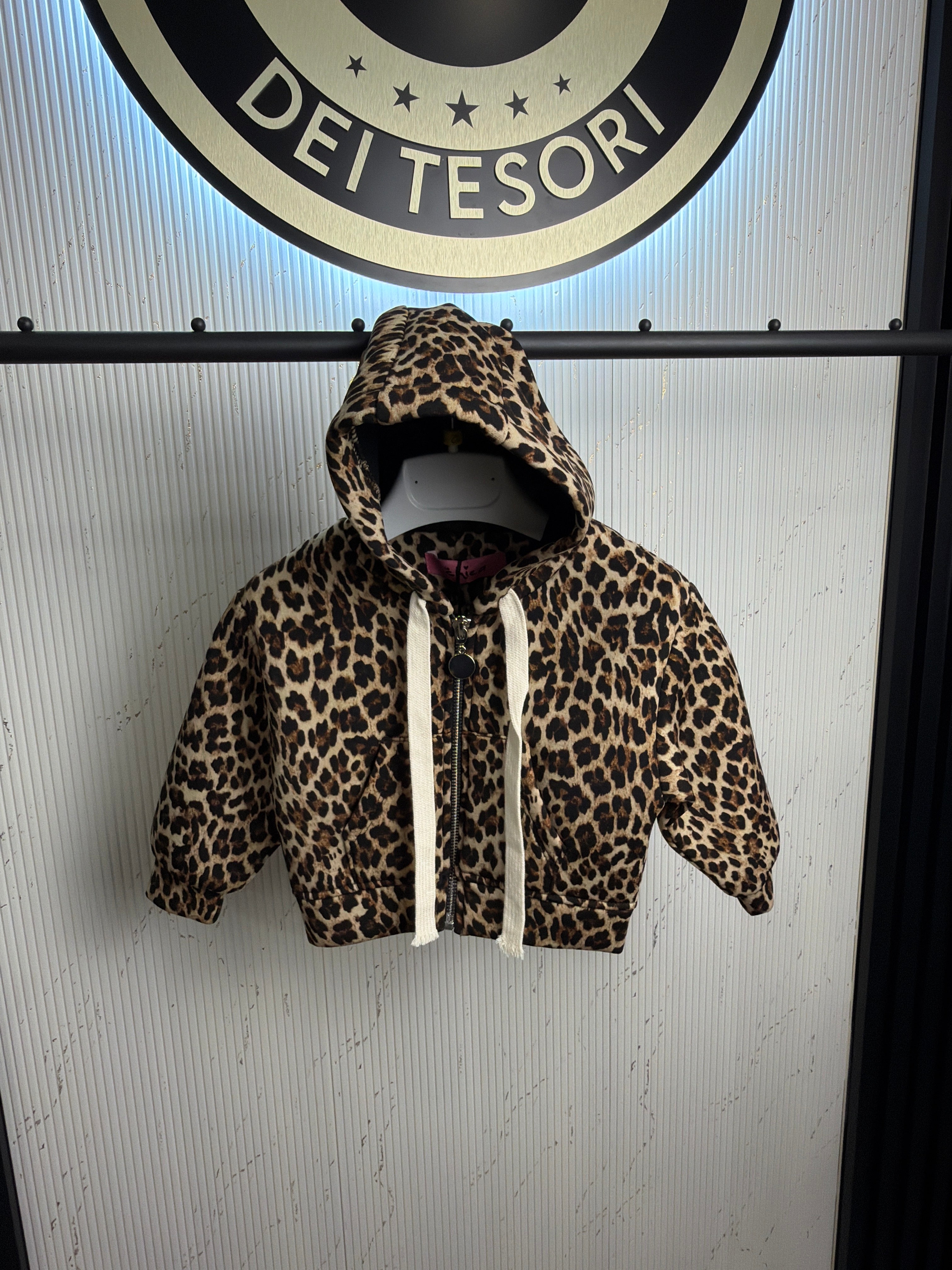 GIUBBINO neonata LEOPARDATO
===============
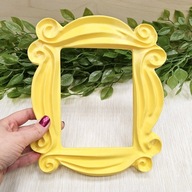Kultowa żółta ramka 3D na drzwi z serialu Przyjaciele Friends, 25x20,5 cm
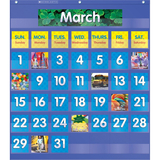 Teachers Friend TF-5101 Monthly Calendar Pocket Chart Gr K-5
===============
**PROBLEM**
Only one stretch of the listing above is to be duplicated: the lines from the one containing "Kultowa żółta ramka" through the one containing "Teachers Friend TF-5101", both included. Copy them exactly, minus the pictures.

**RESULT FOR THIS TASK**
Kultowa żółta ramka 3D na drzwi z serialu Przyjaciele Friends, 25x20,5 cm
 Teachers Friend TF-5101 Monthly Calendar Pocket Chart Gr K-5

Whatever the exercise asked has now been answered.